The firm felt the most important thing was to have a senior executive in place who understood AlpInvest’s investment process and had a lot of secondaries-investment experience, says Amsterdam-based Moerel.
Globally, AlpInvest’s investment team is 65-strong, of which nine are in Asia now, and 28 each in Amsterdam and New York respectively. Of the 65, there are 22 secondary-investment executives; two in Hong Kong, nine in Amsterdam and 11 in New York. Twenty of the 65 are focused on co-investments.
AlpInvest started by investing through local teams in funds of funds and co-investments in Asia, and feels that now it should have an on-the-ground secondaries presence in the region.
“Only now do we think the Asian market is mature enough to provide the type of assets and deal flow we're looking for in terms of asset quality, value creation and liquidity potential,” says Moerel. “There are now sufficient sellers in the region that have been investing in private equity for five to 10 years and are looking to sell.”
It is also possible now to find Asian funds for sale that have a demonstrated track record and which AlpInvest has been able to track for seven to 15 years, he adds. These are held by European, US or local investors.

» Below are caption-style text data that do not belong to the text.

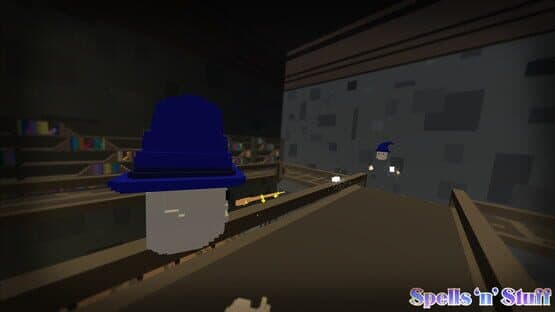 Spells 'n' Stuff — screenshot 1
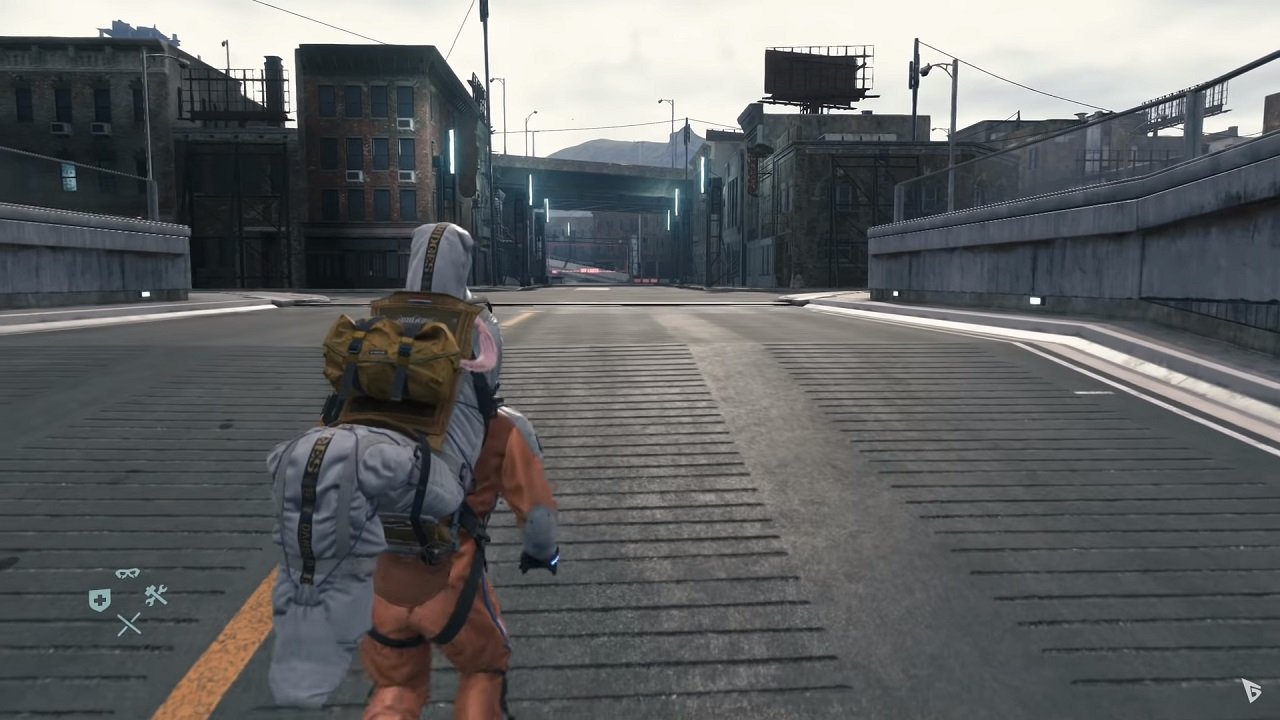 Death Stranding — Скриншот №4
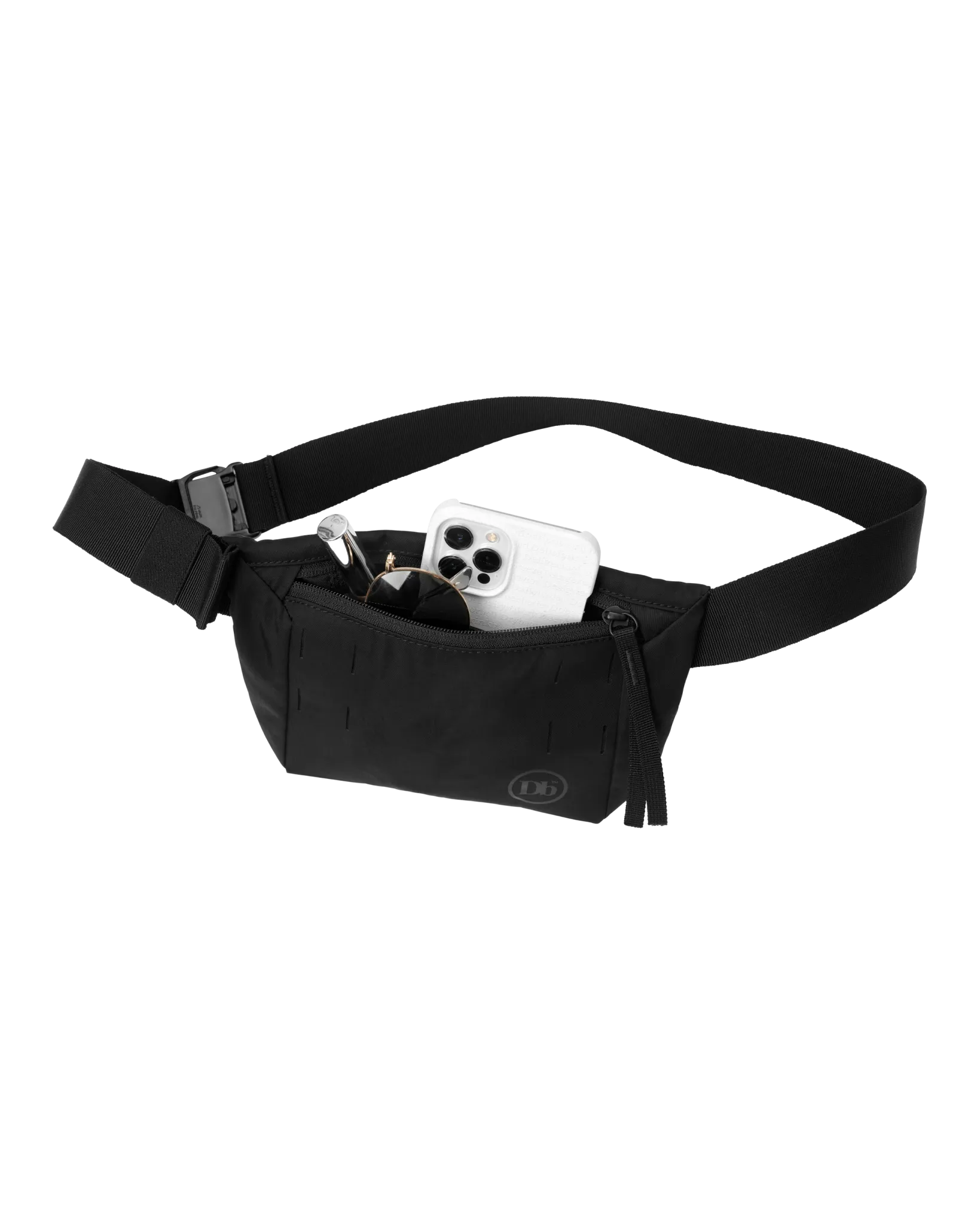 Freya 1st Generation Fanny Pack M Fogbow Beige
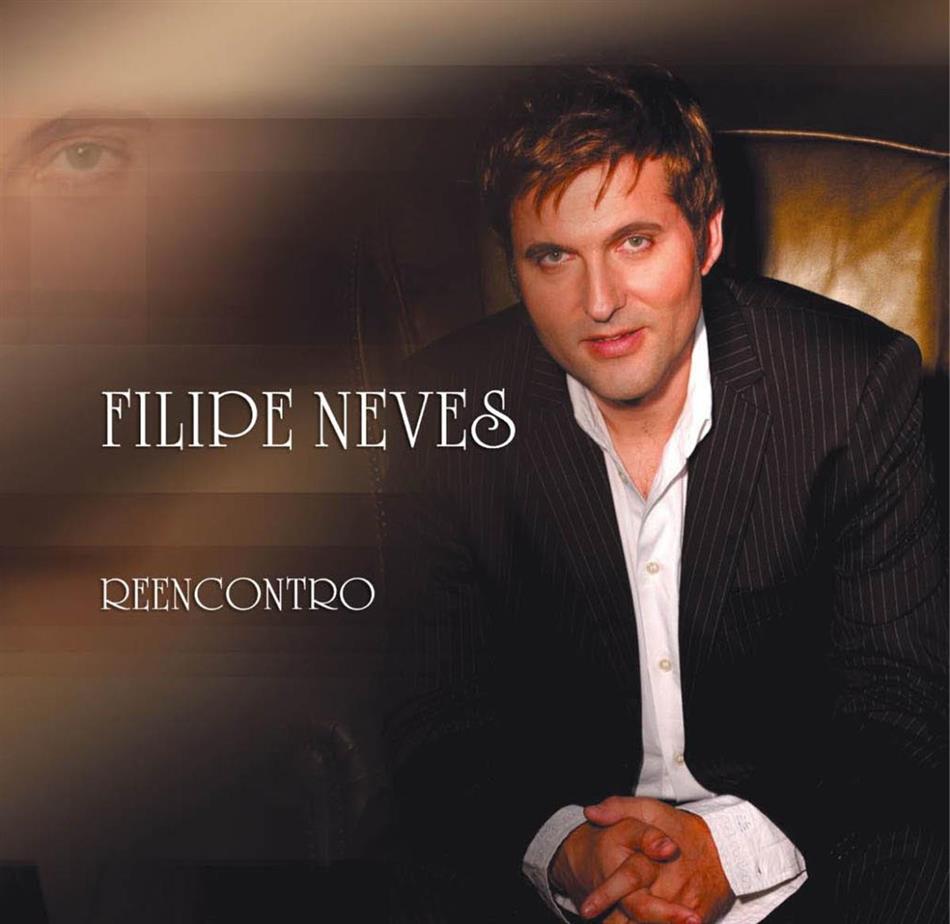 Neves Filippe - Reencontro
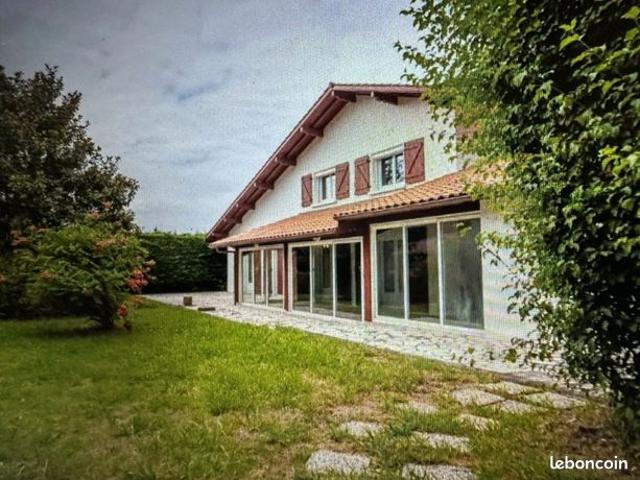 Maison vente à Ahetze, Pyrénées-Atlantiques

The firm invests an average of €1 billion a year globally into secondaries and has bought more than $400 million of funds with dedicated Asia strategies. It has also bought non-Asia funds from Asian sellers.
In terms of individual deal size, AlpInvest secondary transactions range from $10 million up to $700 million–800 million, notes Moerel. “We invest in eight to 15 transactions a year, so average deal size is €50 million–80 million.”
AlpInvest's secondary funds have a lifespan of 10 years with a three-year investment period, he says, and they have typically returned capital within four to six years of inception.
In terms of investment sectors or geographies, Moerel declined to be specific. “We are trying to build diversification, so are generally sector-agnostic.” He adds that the firm has bought several well-known Asian names.
Volkert Doeksen, chairman and CEO of AlpInvest, sounds an equally bullish note. “Asia has always been an important market for AlpInvest," he says. "As an early private-equity investor in the region, we expect our activities to continue to grow in Asia.”
The firm certainly boasts big Asian clients, if Doeksen’s presence at China Investment Corporation’s March 2010 investment conference – alongside numerous luminaries of the alternatives industry – is any indicator.